On February 28, 1991, Attorney Philips sent an annotated copy of the “deal memo” back to Attorney Wyman.
Attorney Philips's annotations requested certain changes to be included in a formal written document. For example, she wanted to change the number of days Basinger would work in post-production. On Attorney Philips's own copy of the document, she noted “[t]here is substantial nudity - KB ok with it ․ no frontal nudity - nothing graphic - more subliminal.” Attorney Philips also noted that the “Loan[-]out company is Mighty Wind Productions.” Mazzocone understood Mighty Wind was “Kim's production company and that's who the contract should be made with and that's where the payment [was to] be paid -- to Mighty Wind.” Such arrangements were standard and did not materially change the contract.
As soon as the agreement for Basinger's acting services was reached at the end of February, Main Line received authorization to use Basinger's photo to promote the movie. On February 28, 1991, Republic Pictures, a foreign distribution company, learned that Basinger had agreed to perform in the film; it began preselling the film in foreign markets with Basinger's name attached. Eventually, foreign presales for the movie with Basinger's name attached totaled $6.8 million. Main Line reasonably expected to receive approximately $3 million in domestic presales. The money obtained from the foreign presales would secure financing for the film.4
In April 1991, Main Line began preproduction activities including casting, wardrobe, special effects and model construction.
Because timing is critical, film industry contracts are frequently oral agreements based on unsigned “deal memos.” Often, artists authorize their agents or lawyers to bind them. Sometimes, however, the parties also desire to memorialize the agreement in an executed written contract, commonly referred to as a “long form agreement.” This written contract is usually negotiated by attorneys and contains many standard terms. Although the parties may intend their oral agreement to be binding, many subsidiary or ancillary terms may subsequently be agreed upon and incorporated into the written contract. The written agreement also enables parties to formalize their understanding in legal language.
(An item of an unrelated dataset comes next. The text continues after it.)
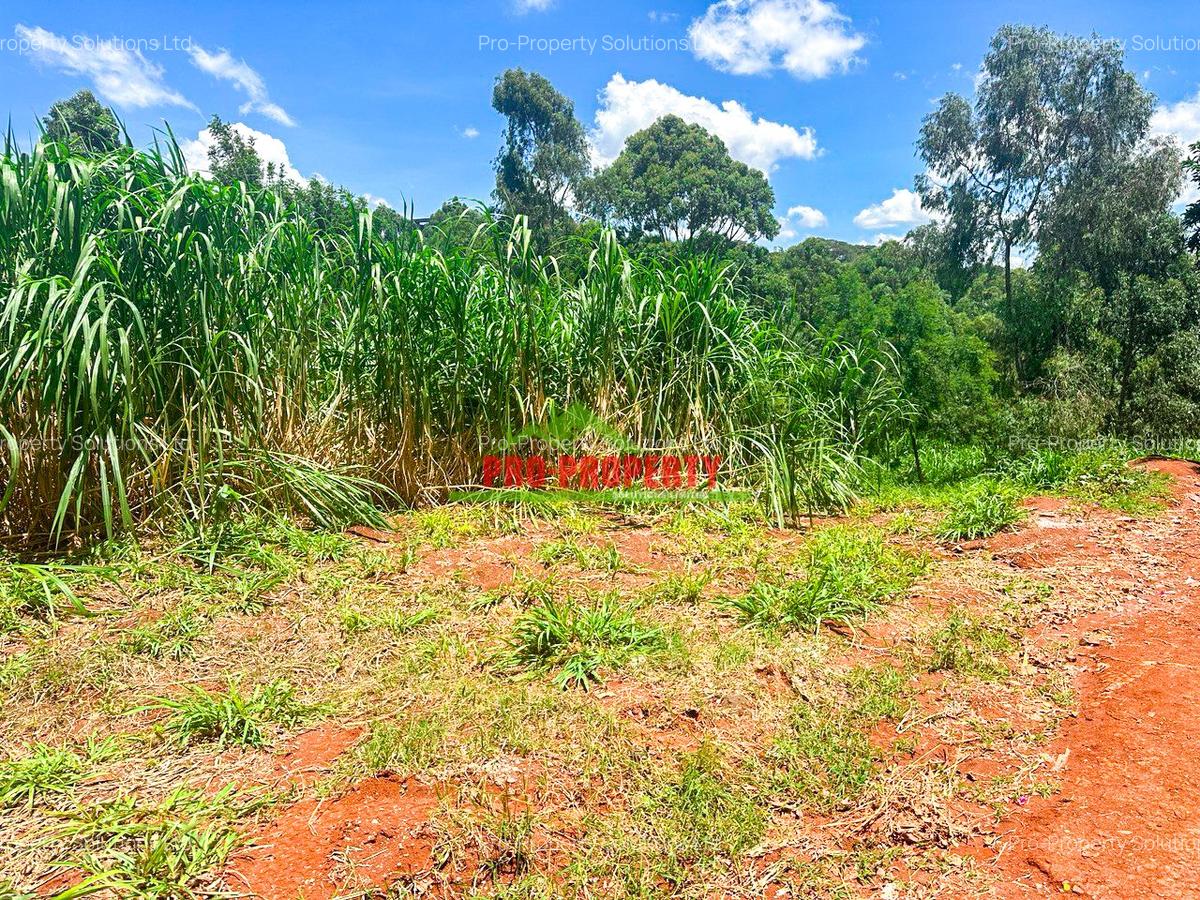 0.1 ha Commercial Land at Mwimuto - 6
The absence of an executed written agreement does not mean there is no legally binding agreement. Basinger, for example, had entered into executed written agreements for only two of her prior films.
After the oral agreement had been reached, Attorney Wyman incorporated its material terms into written documents, an “Acting Service Agreement” and a “Producer's Standard Terms and Conditions for an Actor/Actress -- Loan-out.” An “Inducement” was also drafted. These documents were sent to Attorney Philips on March 7, 1991. Thereafter, Attorney Wyman and Attorney Philips exchanged numerous drafts of the Acting Service Agreement and the Producer's Standard Terms and Conditions, copies of which were sent to Basinger and others. During the exchange process, many ancillary terms were revised and eventually agreed upon.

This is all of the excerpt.